→ Dataset entries:
+ + + +

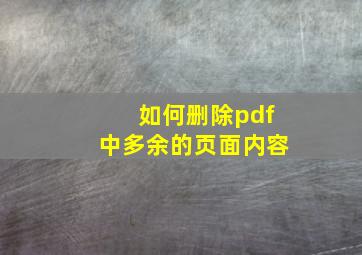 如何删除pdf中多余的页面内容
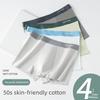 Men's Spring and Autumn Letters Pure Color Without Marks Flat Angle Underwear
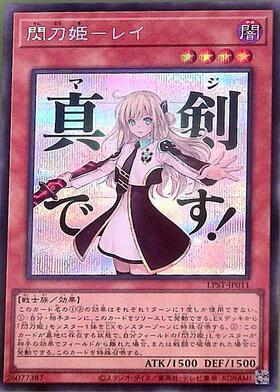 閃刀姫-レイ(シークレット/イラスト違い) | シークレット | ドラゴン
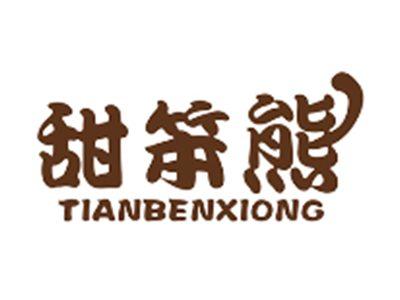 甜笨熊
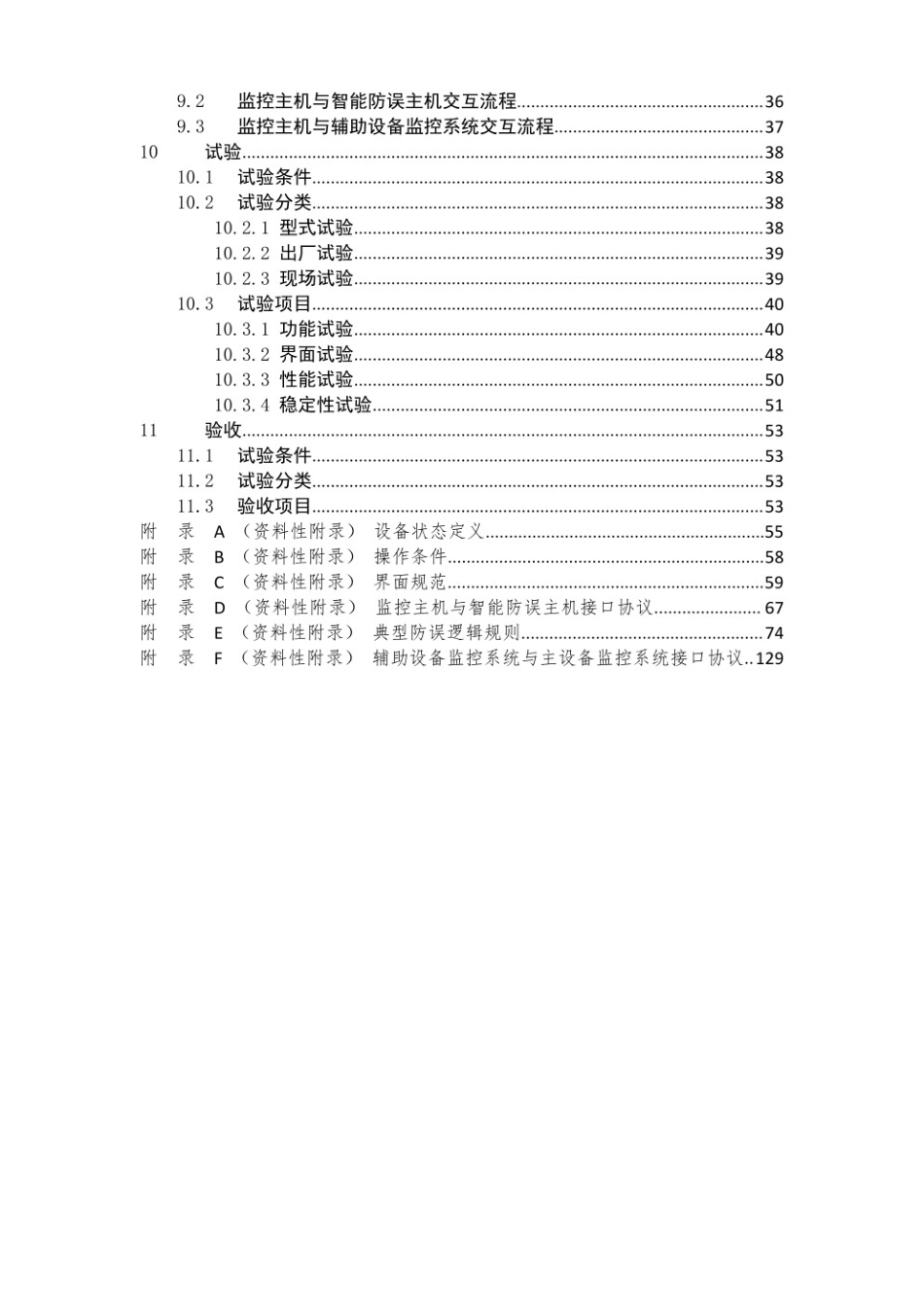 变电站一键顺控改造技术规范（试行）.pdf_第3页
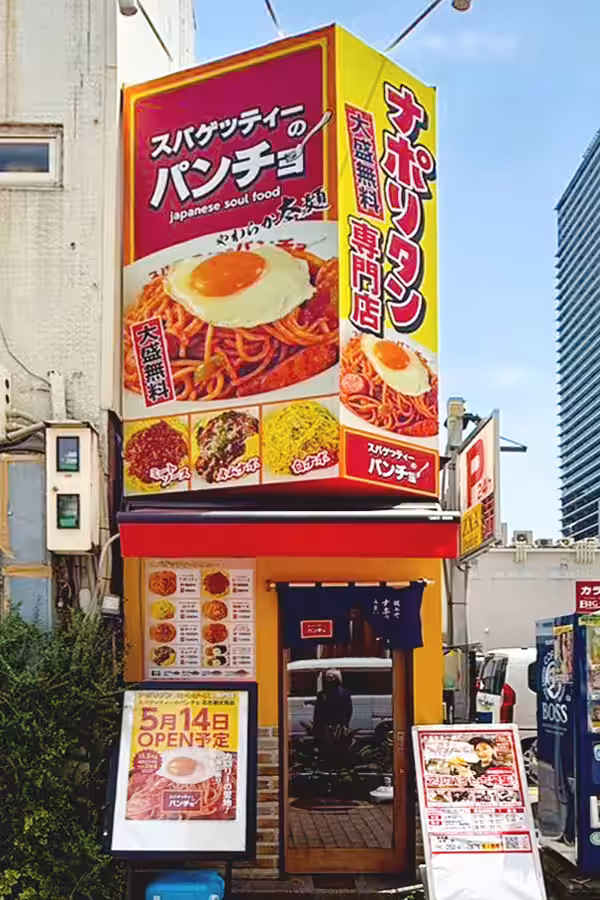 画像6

+ + + +

→ Instructions to follow:
Write out the lines of the listing from the one that holds "Men's Spring and" to the very last line, both included, exactly as they appear and without any pictures.

→ The answer:
 Men's Spring and Autumn Letters Pure Color Without Marks Flat Angle Underwear
 閃刀姫-レイ(シークレット/イラスト違い) | シークレット | ドラゴン
 甜笨熊
 变电站一键顺控改造技术规范（试行）.pdf_第3页
 画像6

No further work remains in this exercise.